La historia del puerto de Palma tiene pocos lugares capaces de condensar tanta memoria colectiva como el paseo de La Riba. La inclusión de su recuperación en el Plan Marco del Puerto de Palma (el documento que fija las premisas del futuro desarrollo arquitectónico y urbanístico de la instalación) no es un asunto menor, sino un gesto cargado de significado hacia uno de los paisajes más recordados del patrimonio marítimo mallorquín del siglo XX.
El plan contempla, entre otros aspectos, el traslado del faro de La Riba a su emplazamiento original. Para hacerlo será necesario desmontarlo de nuevo «piedra a piedra», como ya ocurrió cuando se salvó de la demolición en los años sesenta, según ha explicado el director de la Autoridad Portuaria de Baleares, Antoni Ginard.
La Riba no era un muelle cualquiera. Fue, durante decenios, el paseo de los mallorquines frente al mar. Su desaparición, iniciada en 1965 y culminada en 1969, supuso una ruptura tan profunda con la ciudad que, salvando las distancias, podría compararse con lo que hoy sería «cargarse» el Born, afirma el historiador y periodista Francesc M. Rotger en un artículo publicado en el diario Ara Balears.
Construida en el último tercio del siglo XIX, en plena etapa de ampliaciones constantes del puerto -que en apenas siglo y medio multiplicó por cinco su superficie-, La Riba tenía una singularidad que la hacía única: permitía caminar con el mar a ambos lados. Dividida en Riba baja y Riba alta por un espigón, el paseo se prolongaba hasta el faro que le daba nombre, convertido en hito visual y simbólico del final del trayecto.
Durante generaciones, ir «hasta el farol» fue una pequeña hazaña. De ahí nació la expresión «ir a ganar la peseta»: llegar al final del paseo equivalía, metafóricamente, a haberse ganado una recompensa. La Riba, rememora Rotger, era el lugar para estirar las piernas, sentarse en los bancos, charlar, pescar, aprender a nadar o simplemente mirar cómo entraban y salían los barcos, una de las grandes distracciones de los palmesanos de la primera mitad del siglo pasado.

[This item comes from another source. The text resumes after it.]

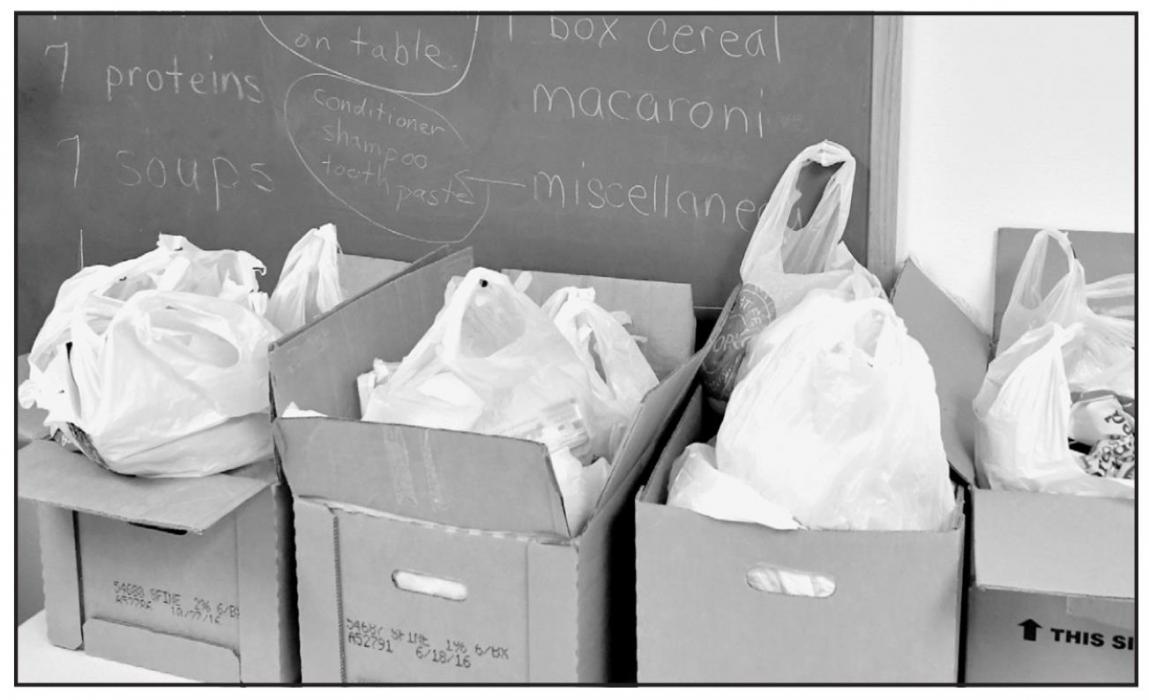 Boxes of food and other items sit waiting for families to pick them up. Volunteers put items in the boxes, including a balanced combination of vegetables, fruits, proteins, starches and other essentials. This year, some pantry items that are in high need are canned fruits, soups and diapers.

La Riba fue, además, escenario literario. Santiago Rusiñol le dedicó un capítulo entero en La isla de la calma, donde la describió como un lugar «bellísimo». De día, relativamente despoblado; al atardecer, lleno de gente que iba, no a tomar el sol, sino la luna. La calma era absoluta. El chapoteo del mar, las luces verdes del puerto, la aparición del satélite y el silencio colectivo componían un ritual cotidiano.
El quiosco y merendero Miramar fue otro de los símbolos del lugar. Bar, estanco y punto de encuentro, ofrecía vistas privilegiadas de la Seu y del puerto.

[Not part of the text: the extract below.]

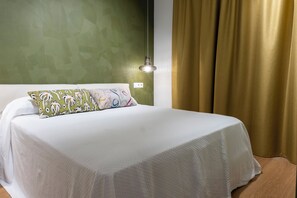 Ein ordentlich bezogenes Bett mit weißer Bettwäsche und gemusterten Kissen, eine Wand mit einer grünen Struktur, ein goldener Vorhang und eine Wandleuchte.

Con el paso del tiempo, La Riba se convirtió en detonante de la memoria para quienes la conocieron de niños. Escritores mallorquines contemporáneos la han evocado como un espacio iniciático: José Carlos Llop la definió como una «magdalena proustiana»; Valentí Puig situó en su pretil discusiones filosóficas y juegos de miradas; Miquel Rayó la describió como uno de los límites físicos y mentales de Palma, allí donde el faro marcaba el inicio del mundo exterior.
El derribo de La Riba se inscribe en el contexto del desarrollismo. Aquel mismo 1969 se inauguró la autopista al aeropuerto, separando por primera vez la Seu del mar.
La mención a la Riba en el Plan Marco del Puerto de Palma tiene algo de reparación simbólica. No se trata de reconstruir un pasado idealizado ni de devolver a la ciudad un paseo idéntico al de hace un siglo, pues la configuración actual del puerto no lo permite. Se trata de reconocer que aquel espacio formó parte esencial de la relación entre Palma y su puerto, y que elementos como el faro son algo más que piezas funcionales o patrimoniales: son portadores de memoria.